Aykut Erol da yaptığı açıklamada "Tek amaç İstanbul'u gemi kazaları tehdidinden kurtarmak gözüküyor. Ancak kanalda akıntı olursa kaza oranı yükselecektir. Henüz detayları açıklanmamış bir projedir. Montröyle ilgili bir şey söyleyemem. Bu hukuksal bir konudur. Montrö 37 maddeden oluşuyor. Ticari yönden 2 madde vardır. Bunlardan biri kılavuz kaptan, diğeri ise romörkör alımı. Bu konularda sıkıntı yaşıyoruz.

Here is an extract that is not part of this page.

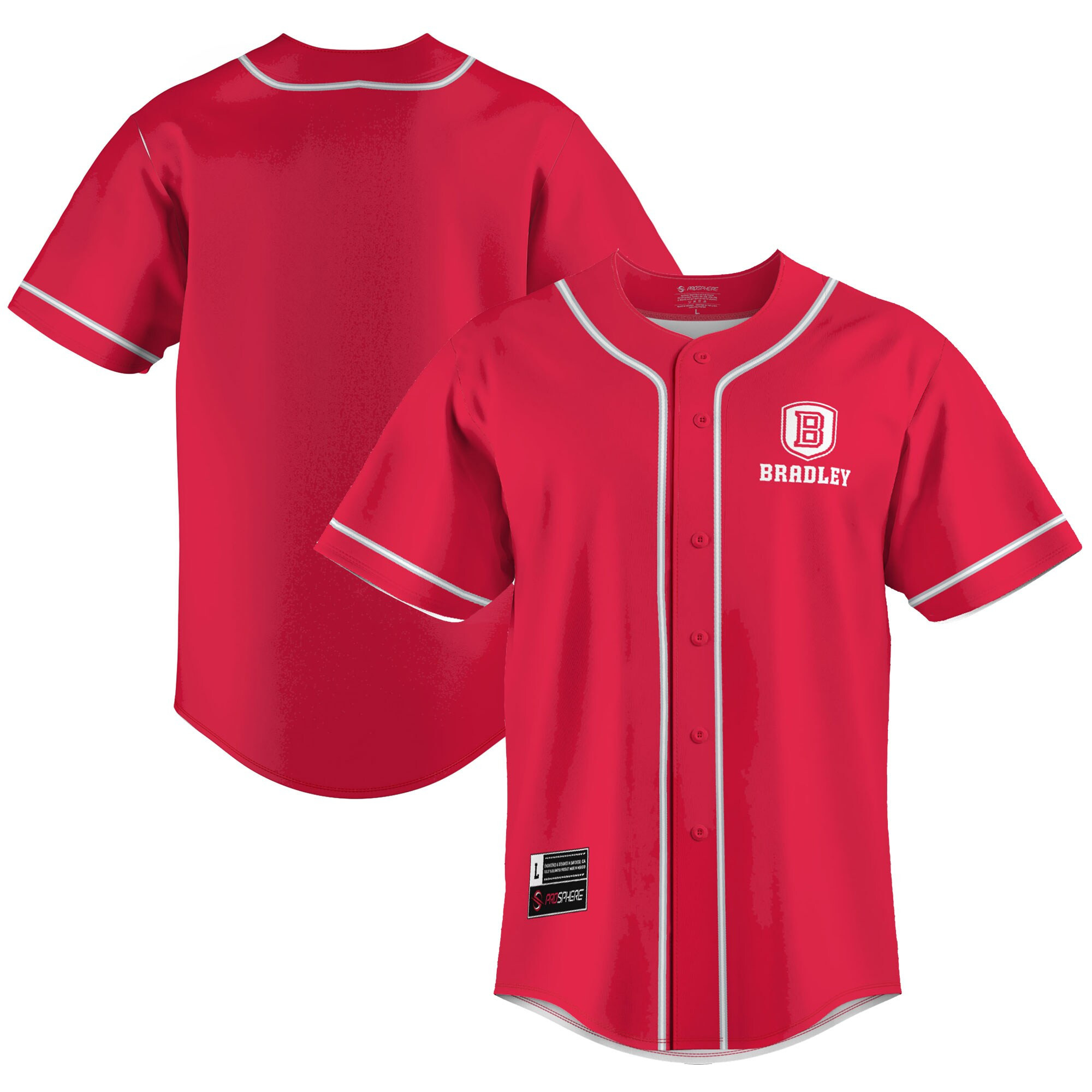 Bradley Braves Baseball Jersey - Red Ncaa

Diğer 30 madde ise askeridir" dedi.

Türk Kılavuz Kaptanlar Derneği eski Başkanı Kaptan Aykut Erol; ''Kanalın eninin 150 metre olması, kıvrılarak uzanması, akıntılı olması, denizden gelip dar bir kanala girilmesi, konvoydaki bir geminin arızalanması durumları, Kanal İstanbul’da kazalara yol açabilecektir. Kanal İstanbul’un çevresinde yoğun yerleşim alanları kurulacağı anlaşıldığından bu çevredeki yaşam ile doğal ve kültürel varlıklar tehlikede olacaklardır. Kanal İstanbul projesi hayata geçirilirse, burası için bir geçiş kurallarını içeren bir mevzuat çıkartılması ve gemi trafiğini düzenleyecek, bilgi akışını sağlayacak, kuralların uygulanmasını denetleyecek bir Gemi Trafik Hizmetleri (VTS) kurulması gerekmektedir.'' şeklinde konuştu.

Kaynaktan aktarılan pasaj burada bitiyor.